In public finance, there is also a traditional presumption that well-calibrated Pigouvian taxes are better than direct quantity restriction or regulations because they allow people to express the intensity of their preferences. Recognizing that agents are behavioral can lead you to overturn this prescription. It makes it hard to calibrate Pigouvian taxes, and it also makes them less efficient. Cruder and simpler remedies, such as regulations on gas mileage, are more robust and become more attractive.Aggregate production functions, the disaggregation problem, and the Cambridge-Cambridge controversy
There's an interesting episode in the history of economic thought. It's called the Cambridge-Cambridge controversy. It pitted Cambridge, Massachusetts — Solow, Samuelson, people like that — against Cambridge, U.K. — Robinson, Sraffa, Pasinetti. The big debate was the use of an aggregate production function.
Bob Solow had just written his important article on the Solow growth model. That's the basic paradigm in economic growth. To represent the possibility frontiers of an economy, he used an aggregate production function. What the Cambridge, U.K., side attacked about this was the idea of one capital stock, one number.
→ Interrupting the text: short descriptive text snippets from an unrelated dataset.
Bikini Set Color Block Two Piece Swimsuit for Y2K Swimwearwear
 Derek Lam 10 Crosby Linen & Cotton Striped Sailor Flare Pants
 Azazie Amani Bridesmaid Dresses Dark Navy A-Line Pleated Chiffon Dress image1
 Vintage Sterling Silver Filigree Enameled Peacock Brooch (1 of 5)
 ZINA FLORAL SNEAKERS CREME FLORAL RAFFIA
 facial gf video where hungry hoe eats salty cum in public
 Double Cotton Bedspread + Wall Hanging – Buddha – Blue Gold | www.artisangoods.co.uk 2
They argued that capital was very heterogeneous. You have buildings, you have machines. You're aggregating them up with prices into one capital stock. That's dodgy.
It degenerated into a highly theoretical debate about whether or not it's legitimate to use an aggregate production function and to use the notion of an aggregate capital stock. And the Cambridge, U.K., side won. They showed that it was very problematic to use aggregate production functions. Samuelson conceded that in a beautiful paper constructing a disaggregated model that you could not represent with an aggregate production function and one capital stock.
But it was too exotic and too complicated. It went nowhere. The profession moved on. Today, aggregate production functions are pervasive. They are used everywhere and without much questioning. One of the things David [Baqaee] and I are trying to do is to pick up where the Cambridge-Cambridge controversy left. You really need to start with a completely disaggregated economy and aggregate it up. ...
We have a name for our vision. We call it "macro as explicitly aggregated micro." The idea is you need to start from the very heterogeneous microeconomic environment to do justice to the heterogeneity that you see in the world and aggregate it up to understand macroeconomic phenomena. You can't start from macroeconomic aggregates. You really want to understand the behavior of economic aggregates from the ground up.
For example, you can't just come up with your measure of aggregate TFP [total factor productivity] and study that. You need to derive it from first principles. You need to understand exactly what aggregate TFP is. I talked about aggregate TFP and markups, but the agenda is much broader than that. It bears on the elasticity of substitution between factors: between capital and labor, or between skilled labor, unskilled labor, and capital. It bears on the macroeconomic bias of increasing automation. It bears on the degree of macroeconomic returns to scale underlying endogenous growth. It bears on the gains from trade and the impact of tariffs. In short, it is relevant to the most fundamental concepts in macroeconomics.
For a retrospective recounting of what happened in the Cambridge-Cambridge controversies, a useful starting point is Avi J. Cohen and G. C. Harcourt. 2003. "Retrospectives: Whatever Happened to the Cambridge Capital Theory Controversies?" Journal of Economic Perspectives, 17 (1): 199-214.